Here is a Standard Gauge diesel and a "Maine 2-footer" at the same scale..(Ignore the 1/29 on those drawings! 



















And here is the Diesel in 1/29 scale..(Imagine it as an Aristocraft SD45) compared to the Maine 2-foot loco in 7/8n2 scale..
both models running on 45mm track. 



















and that a *small* Maine 2-foot loco! there were others quite a bit larger! 
and the freight and passenger cars can be truly amazing in size..look at the size of the passenger car! 










(im dabbling in 7/8n2 "Maine" modeling..I have one flatcar built, and I have a boxcar kit I havent put together yet..no locomotives yet..)

The "Emma" *could* be adapted to Maine modeling, but she is really too small for it, her drivers are too small, and her prototype doesn't really "fit" the Maine 2-footers..
Emma is much more suited to the "industrial" side of 7/8n2 modeling..

Overall, the "Industrial" side seems more common..Its quite popular in England, and its catching on in the USA..
I believe the Emma was created for this niche..(the industrial side, not the Maine side..)
Maine modeling is less common in 7/8n2 than the industrial modeling, it seems.
On2 and On30 scales are the most "developed" scales for Maine 2-foot modeling..

Scot


----------



## Scottychaos (Jan 2, 2008)

And as for an outdoor railroad.. 
I dont think you could make a successful 7/8n2 Maine-style garden railroad with anything less than 24 foot diameter curves..huge models, huge curves! 
For the 7/8n2 "industrial" style railroad, you could probably get away with 8-foot diameter.. 

Scot


----------



## Underdog (Jan 31, 2014)

Kavacjr, I did enjoy watching Dave Newton's Western Wiscasset & Northern Railway running at the show in West Springfield sponsored by the Amherst Railway Society. I don't recall the exact setup. http://www.youtube.com/watch?v=rt3EGShsKew

The link I have to Steven King does not seem to work: Steven King link does not work 

Scot; 
I can appreciate what you are saying. The "Emma" reminds me of an engine I saw up in Booth Bay Maine: Booth Bay Engine
I don't know the train in Booth Bay was a logging operation or something more industrial. I will try to educate myself on the different small trains that operated in Maine. The family spends much of the summer in Southern Maine not far from Portland. 
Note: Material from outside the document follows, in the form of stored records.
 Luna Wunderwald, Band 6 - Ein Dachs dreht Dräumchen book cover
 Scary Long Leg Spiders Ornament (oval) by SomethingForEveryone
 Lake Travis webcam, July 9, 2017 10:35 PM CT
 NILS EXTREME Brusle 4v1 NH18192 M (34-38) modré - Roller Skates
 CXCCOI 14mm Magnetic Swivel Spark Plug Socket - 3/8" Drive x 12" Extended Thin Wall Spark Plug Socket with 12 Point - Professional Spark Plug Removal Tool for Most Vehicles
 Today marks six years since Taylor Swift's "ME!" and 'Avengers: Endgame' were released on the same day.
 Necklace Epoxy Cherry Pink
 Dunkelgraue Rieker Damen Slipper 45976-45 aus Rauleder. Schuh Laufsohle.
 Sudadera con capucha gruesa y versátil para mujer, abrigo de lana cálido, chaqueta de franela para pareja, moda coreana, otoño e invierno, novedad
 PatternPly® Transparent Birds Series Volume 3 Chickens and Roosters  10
Regarding Emma, does the engine need to be pushed to move forward or change directions once everything is all warmed up and running? And is Emma a "gear driven" locomotive?


----------



## Gary Woolard (Jan 2, 2008)

I agree with most everything I've read here. But I'll add a few points -- with the understanding that I do not own an Emma.

> I bought a used first generation Accu Mogul at the Summer Steamup last year, and it's become one of my easiest and most reliable runners.
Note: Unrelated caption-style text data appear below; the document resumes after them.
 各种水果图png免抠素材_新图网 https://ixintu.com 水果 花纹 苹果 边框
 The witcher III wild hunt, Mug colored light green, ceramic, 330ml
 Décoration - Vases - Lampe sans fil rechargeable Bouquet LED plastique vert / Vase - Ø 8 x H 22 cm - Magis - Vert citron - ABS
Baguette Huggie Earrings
> As I mentioned in my article on the Summer Steamup in the Nov/Dec issue of SitG (shameless plug







) there were a LOT of Emma's running. They seemed to be easy to run, and they handled the curves on even the smallest tracks. However, this was pulling very short 'industrial' style cars; it might be a different story if they were pulling Maine equipment. (Although as somebody else has noted, an Emma wouldn't BE pulling Maine equipment)
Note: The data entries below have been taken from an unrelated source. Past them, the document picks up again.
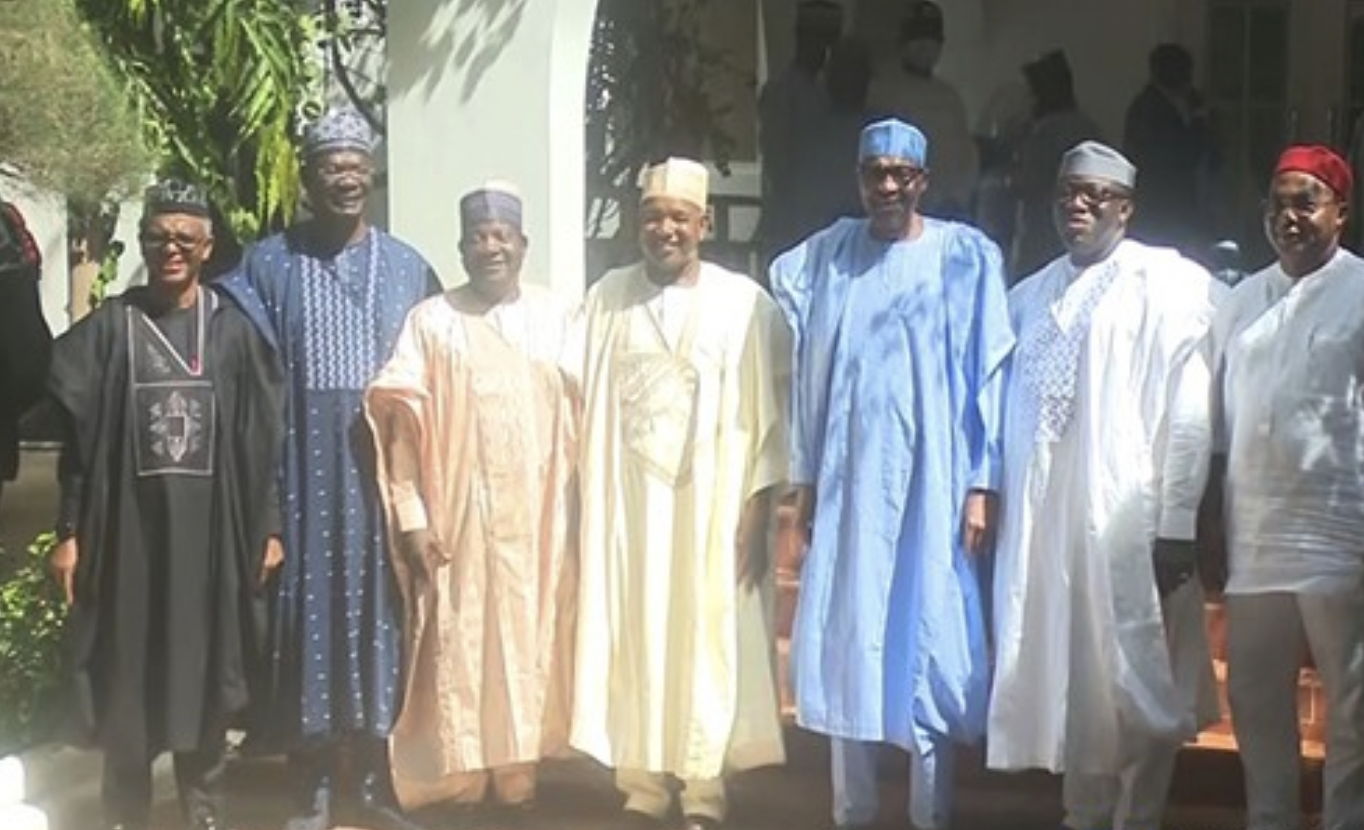 Just In After Meeting Buhari Apc Governors Endorse Tinubu Shettima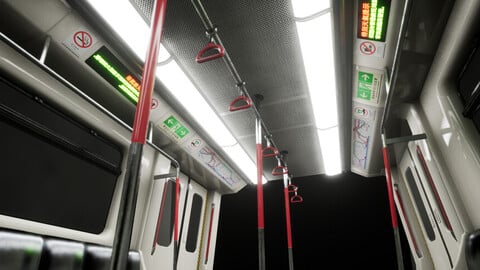 Unreal Engine 5.0 and 5.3 Hong Kong Mass Transit Railway Train (modular)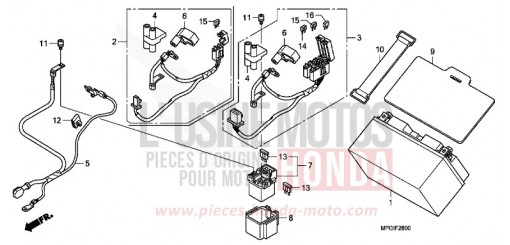 BATTERY (1) CB600FA3A de 2010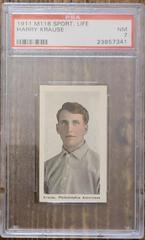 Harry Krause Baseball Cards 1911 M116 Sporting Life Prices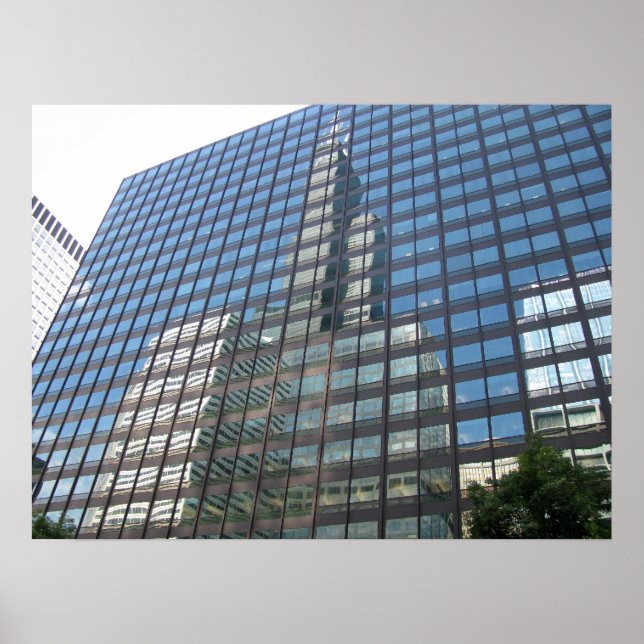 Chicago Skyscrapers Viewed from the River Poster (Front)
> The Emma's were getting very good run times -- often in the 40-some minute range. I was jealous!

> You mention that you'll be starting with manual control, before doing R/C. The Emma has a HUGE cab relative to 1/20 engines or smaller. You can easily fit your hand in there and twiddle with the controls. This may seem minor, but you'll appreciate not burning fingers as much, especially if you're doing switching ops.

> As others have said, if you do 7/8ths, you're in a relatively new scale. For lot of rolling stock, and any or all buildings right now, you'll be scratch-building. And if you're switching, you're going between industries, which means at least some buildings, right?


----------



## Ray Cadd (Dec 30, 2008)

Hi Underdog- 
The Emma does not need to be pushed in the desired direction to start it in (other than maybe to clear condensate in the cylinders if sitting). It is mechanically reversed through the valve gear. And no, it is not gear driven. Number of options out there now for kitbashing or scratchbuilding rolling stock. It's a swell engine, especially for the price. Get one if you want to go 7/8...


----------



## scottemcdonald (Jan 11, 2008)

When “Steam in the Garden” wrote up recommendations in their “Starting in Steam” column in March/April of 2013 is there a reason they would not have included Accucraft’s Emma on the list of engines for beginners? 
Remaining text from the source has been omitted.